COFFEE WITH SISTER VASSA





"By the rivers of Babylon--there we sat down and there we wept when we remembered Zion.  On the willows there we hung up our harps.  For there our captors asked us for songs, and our tormentors asked for mirth, saying, 'Sing us one of the songs of Zion?' How could we sing the Lord's song in a foreign land?  If I forget you, O Jerusalem, let my right hand wither!'" (Ps 136/137:1-5)

This Psalm, which expresses the sadness of the Jewish people in exile after the Babylonian conquest of Jerusalem in 607 BC, is sung at Byzantine matins on the three Sundays preceding Lent.  It prepares us for the voluntary "exile" of Lent, during which we focus in a special way on the sadness and yearning of humanity after Adam's "exile" from paradise, and before the coming of The Awaited One, Jesus Christ.  On the weekdays of Lent, for example, we "abstain" from celebrating the joyous service of Divine Liturgy, and thus "hang up our harps" for most of the week.
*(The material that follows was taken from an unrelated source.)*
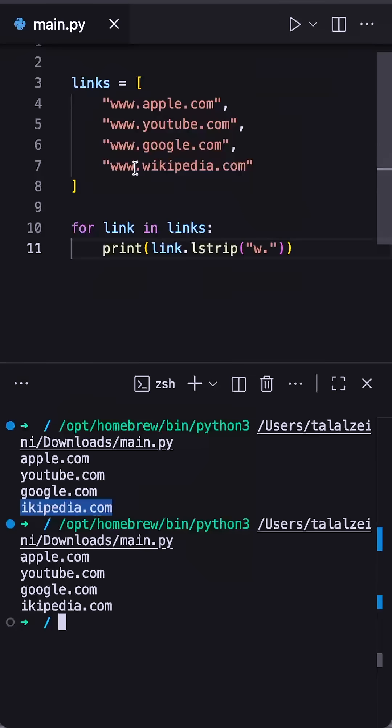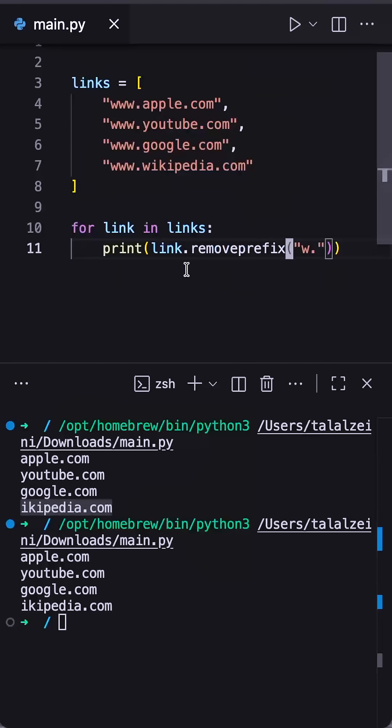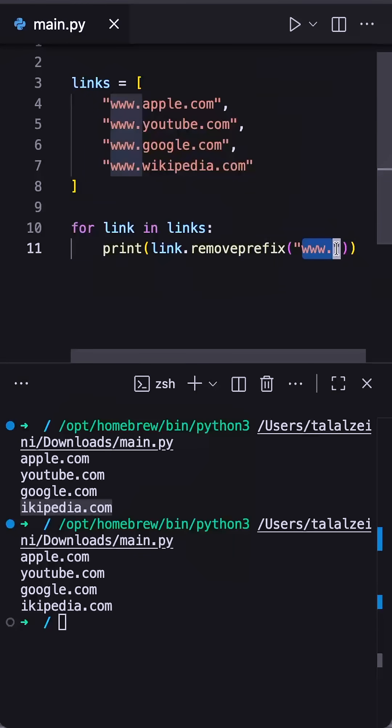Instead we should use removeprefix with an input of www dot. This method actually looks for the first instance of this substring from the left side and removes it.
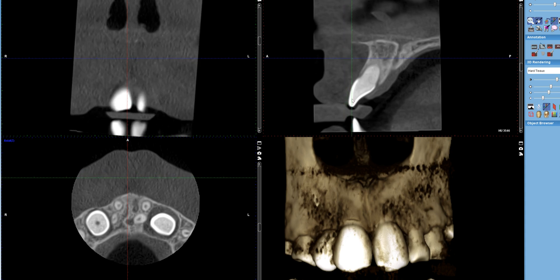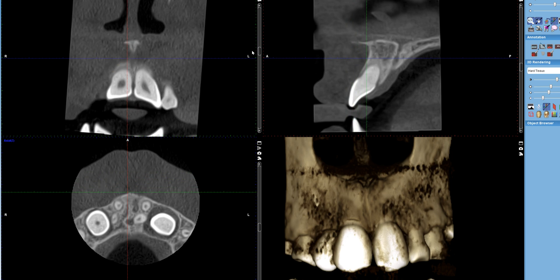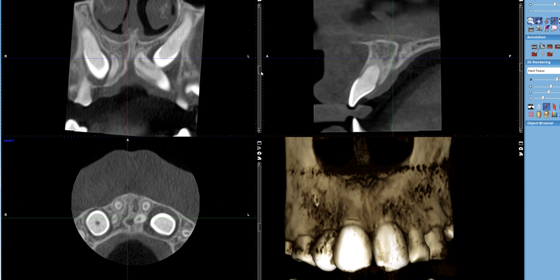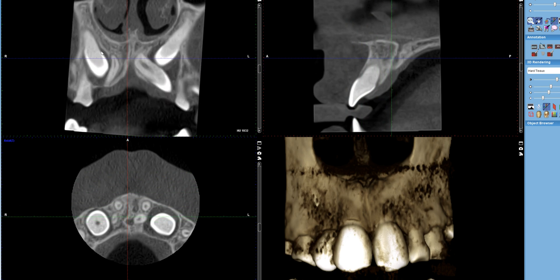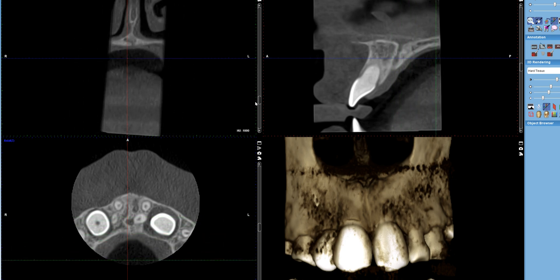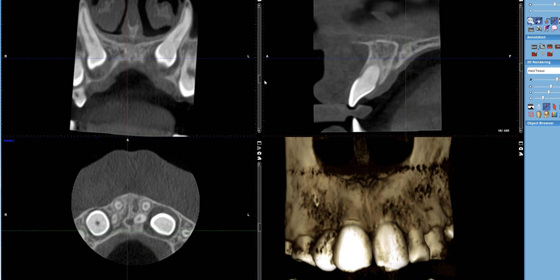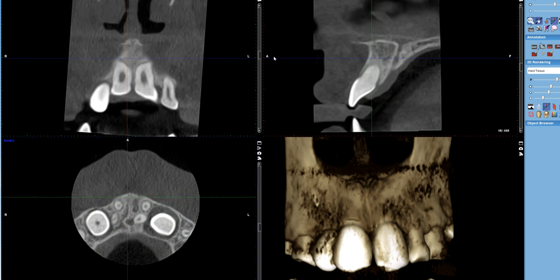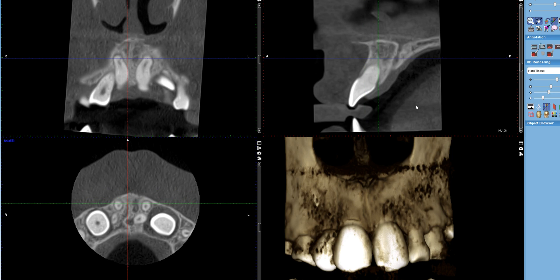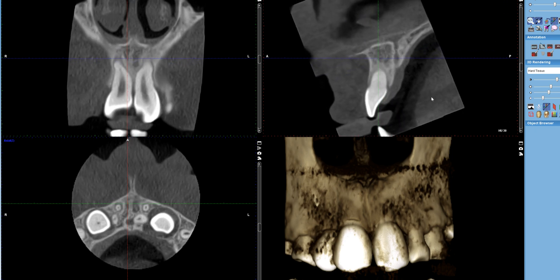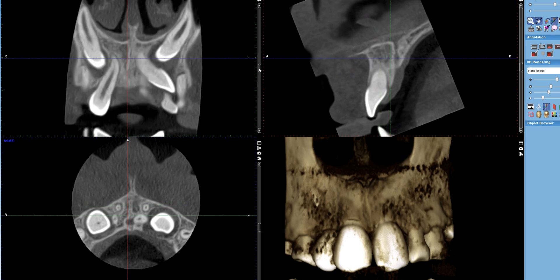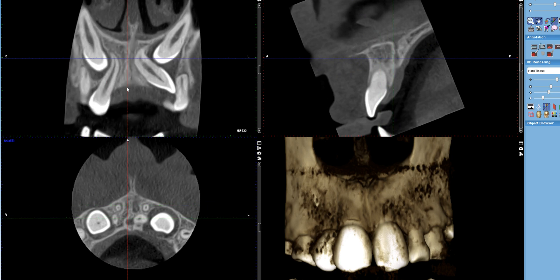Moving posteriorly, we're starting to capture the enamel layer of the central incisors right here. Here we have the centrals, and we have the lateral and canine. Let me go back one more time — canine, lateral, and centrals. To make this view a little bit easier for you to interpret, I'm going to rotate it so that we're seeing the more anatomical length of the central incisors, and we can see the canine and laterals a little bit better.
Today let me not hesitate to recognize my human sadness, my yearning to "come home" to my Father's land of perfect harmony, peace, and unity.  Let me not slip into self-contentment and imagined self-sufficiency, which is the kiss of death to spiritual growth and thirst.  Today let me "remember" the heavenly Jerusalem, from which I distance myself, again and again, admits my responsibilities and relationships.  I need not cover this up in "songs" and "mirth", as I prepare for Lent, but rather take some time to "sit down," to "weep," and to "remember Zion."